===== INFORMATION SHOWN =====

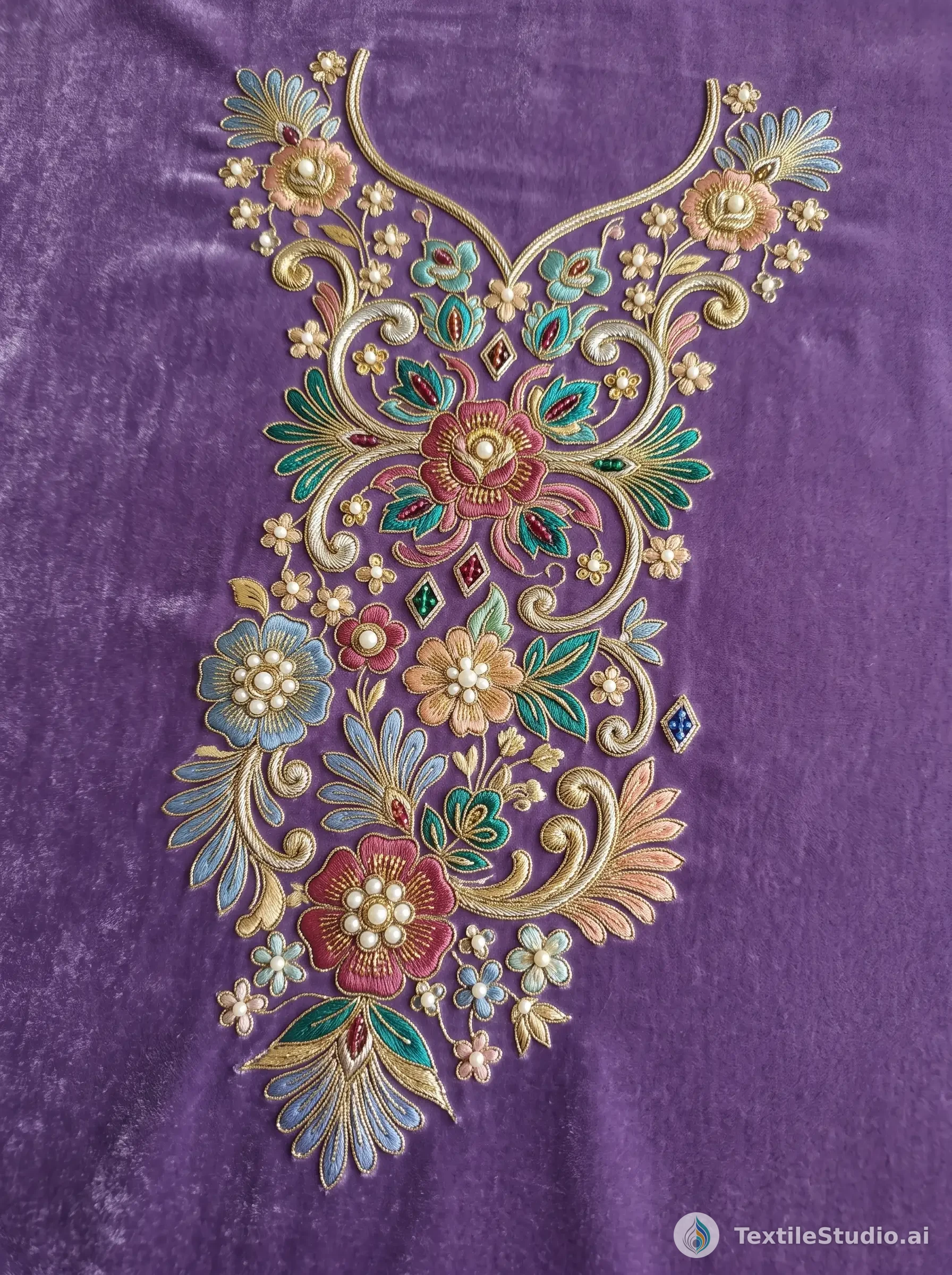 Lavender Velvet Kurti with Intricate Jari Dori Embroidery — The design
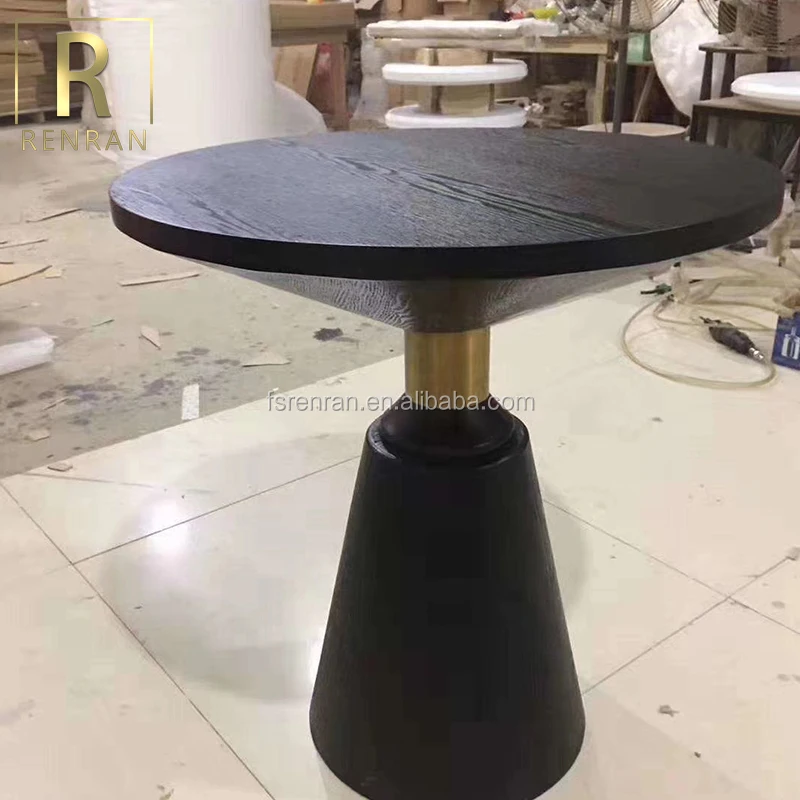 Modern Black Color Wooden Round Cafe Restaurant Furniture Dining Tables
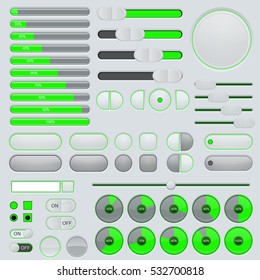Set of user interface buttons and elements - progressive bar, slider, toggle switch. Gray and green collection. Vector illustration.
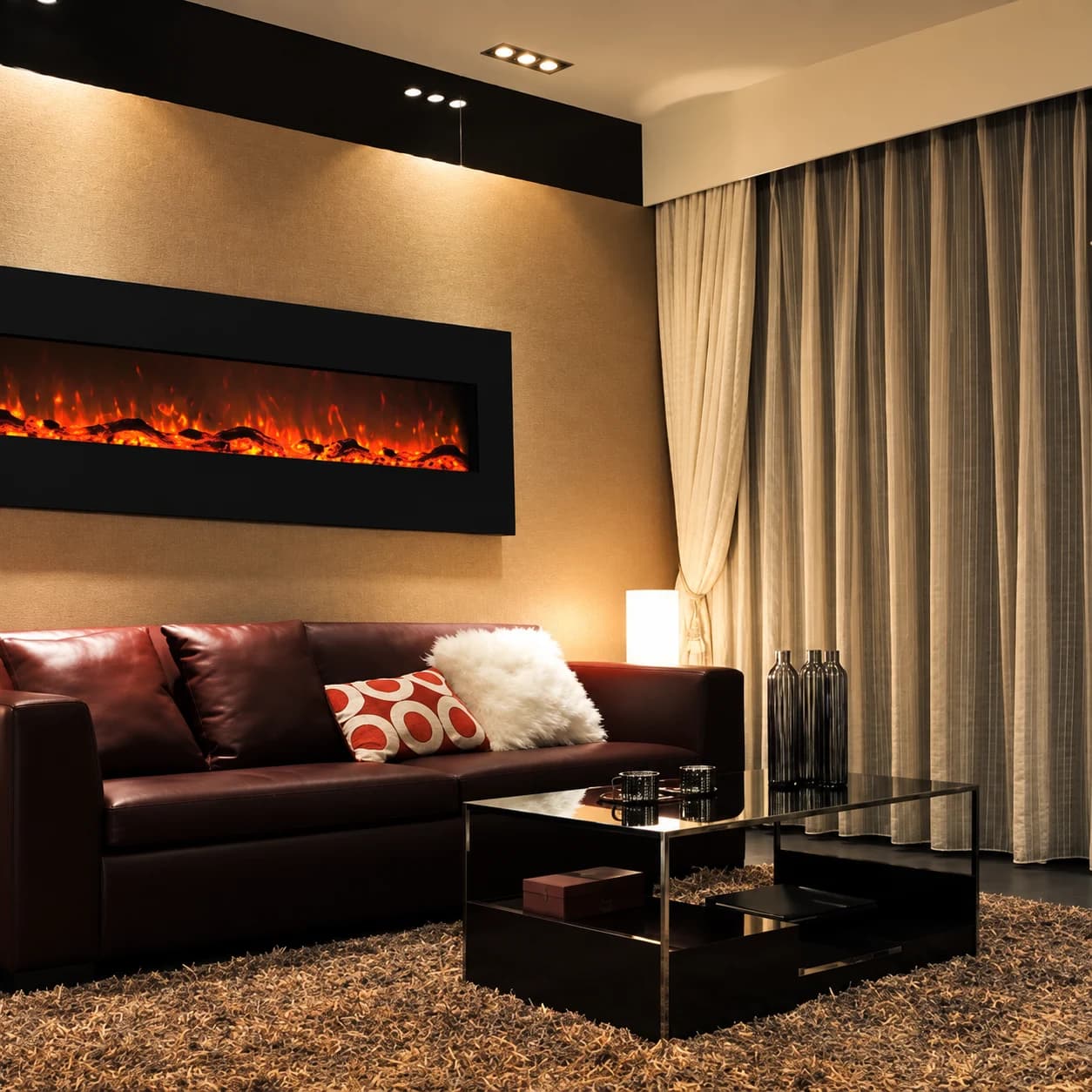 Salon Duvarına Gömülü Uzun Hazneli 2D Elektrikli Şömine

=====

§ PROMPT: Repeat every line of the data above exactly, but drop the pictures.

§ RESULT:
 Lavender Velvet Kurti with Intricate Jari Dori Embroidery — The design
 Modern Black Color Wooden Round Cafe Restaurant Furniture Dining Tables
Set of user interface buttons and elements - progressive bar, slider, toggle switch. Gray and green collection. Vector illustration.
 Salon Duvarına Gömülü Uzun Hazneli 2D Elektrikli Şömine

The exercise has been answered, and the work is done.